I must pause to say that I really do love my MIL and prefer her to my own parents. FIL died before our kids were born. However, my MIL is very complex. On one hand, she shamed my father into attending oldest boy’s bris when he asked why he should bother since H is Catholic and she told him that this was her first grandchild, too, and she was even allowing the bris to be done in her house. OTOH, my son said that she recently told him that when he was a baby, she took him to a church and had him baptized. When H confronted her about it, she denied it. Ironically, I was less upset than H about this because my belief is that my children’s religion stems from me and can’t be changed except by them. H was upset about his mom (and sister) violating his boundaries. When I was pregnant with my D, MIL asked if her side could have this one! She also asked if I planned to stay home. I asked if she planned to support my family.

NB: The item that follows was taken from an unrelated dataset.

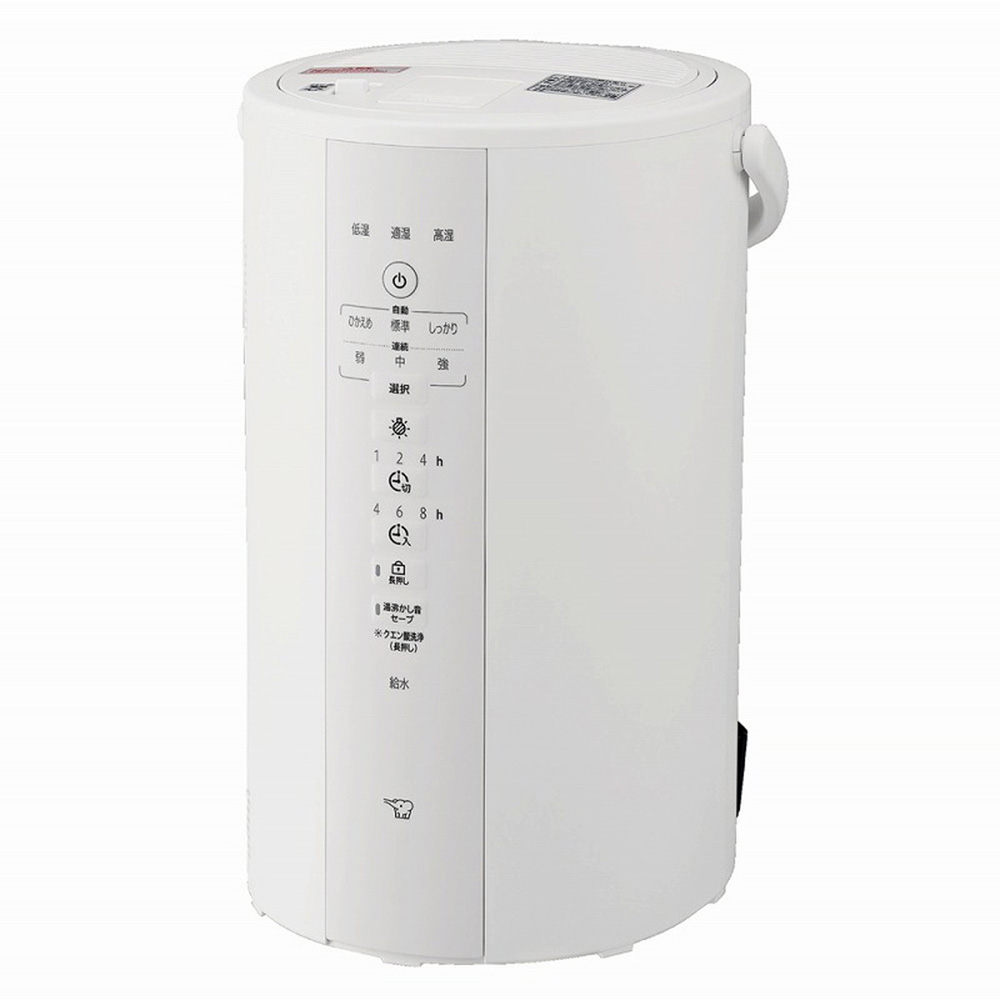 象印 加湿器 ポット型 EE-DF50-HA WA グレー 4L 広口容器 寝室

She used to criticize my cleaning (or lack thereof, I honestly admit). I finally once asked her if my children were happy and if she loved them and she said yes. I said isn’t that enough?
It does bother me that her own D can do no wrong and I never get credit for anything. I mean, I realize that my D got her beautiful singing voice from H’s side of the family, but does she have to tell everyone who comes along that I’m tone deaf and D could never have gotten her voice from me. Or that oldest boy’s gorgeous hair comes from her side (that I disagree with but) or that middle boy is so smart because he got his intelligence from her D, etc., etc.
Over the years, MIL and I have made our peace. Honestly, our relationship was at its best when my kids were young and SIL was married and not living with her mom. MIL and I spoke often and spent time together. She would pick the 2 oldest kids up and take them to Hebrew school for me during the week while I worked and I would take her shopping and to Mass on Sunday. I would take her to doctor appointments and the like. Now, SIL lives there and she has too many issues for me to deal with, so I rarely go there and never alone. I have taken on managing MIL’s money, which has enraged SIL, who viewed her mom as her personal ATM, but I have finally gotten her back on track.
I will say that MIL has accepted my financial advice and suggestions over the years, which has enabled her to remain in her home as she ages, which is her preference.
Overall, though, my MIL is not awful like some of the MIL’s described here and I consider myself fairly lucky to have one like her. I would be heartbroken to have a relative who berated my child for their sexuality or who ignored me when I visited. I feel for those of you who suffer with relatives like that.